Instructions for the task
Going down the data below, set down exactly the line with "Slide of Metro Plumbing" and each line after it through the line with "2021 Triumph Street"; no other lines.

Data excerpts
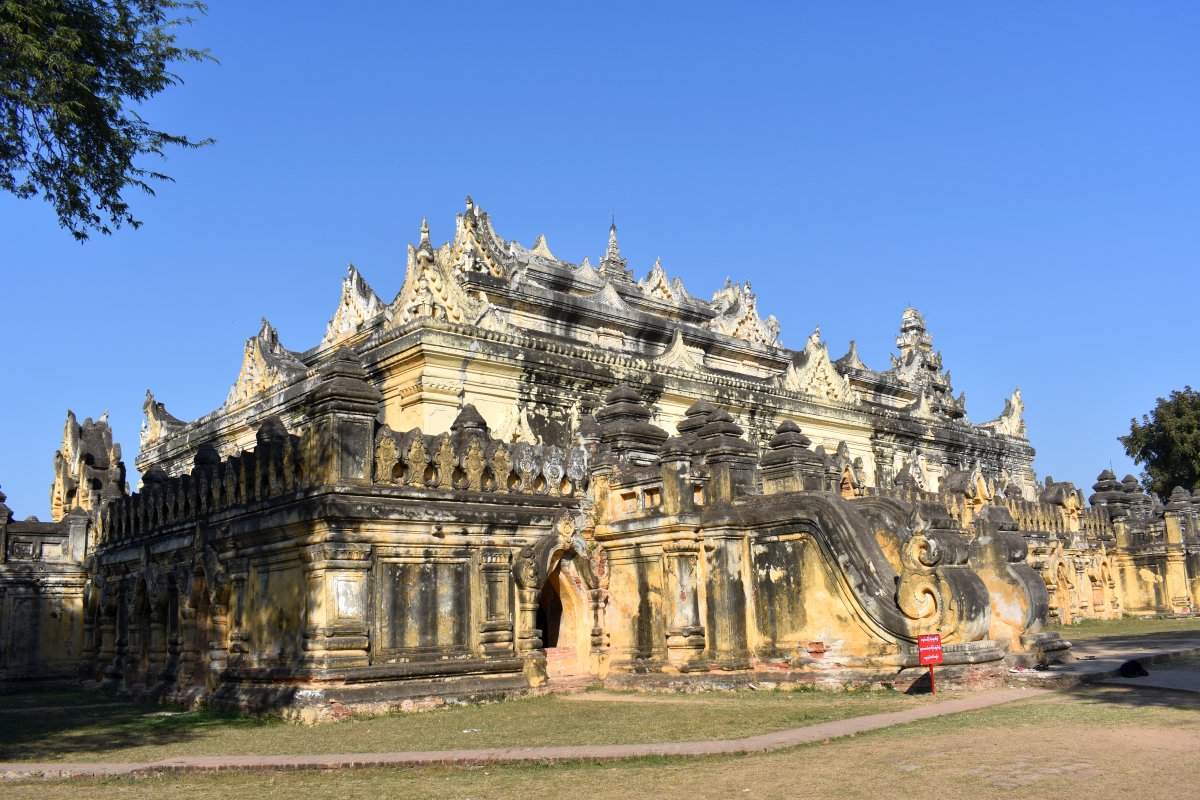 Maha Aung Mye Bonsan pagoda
...
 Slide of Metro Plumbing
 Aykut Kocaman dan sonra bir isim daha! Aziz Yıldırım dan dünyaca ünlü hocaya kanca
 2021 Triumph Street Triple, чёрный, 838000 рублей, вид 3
---
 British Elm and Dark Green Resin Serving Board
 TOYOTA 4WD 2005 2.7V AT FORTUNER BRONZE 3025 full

Answer area
 Slide of Metro Plumbing
 Aykut Kocaman dan sonra bir isim daha! Aziz Yıldırım dan dünyaca ünlü hocaya kanca
 2021 Triumph Street Triple, чёрный, 838000 рублей, вид 3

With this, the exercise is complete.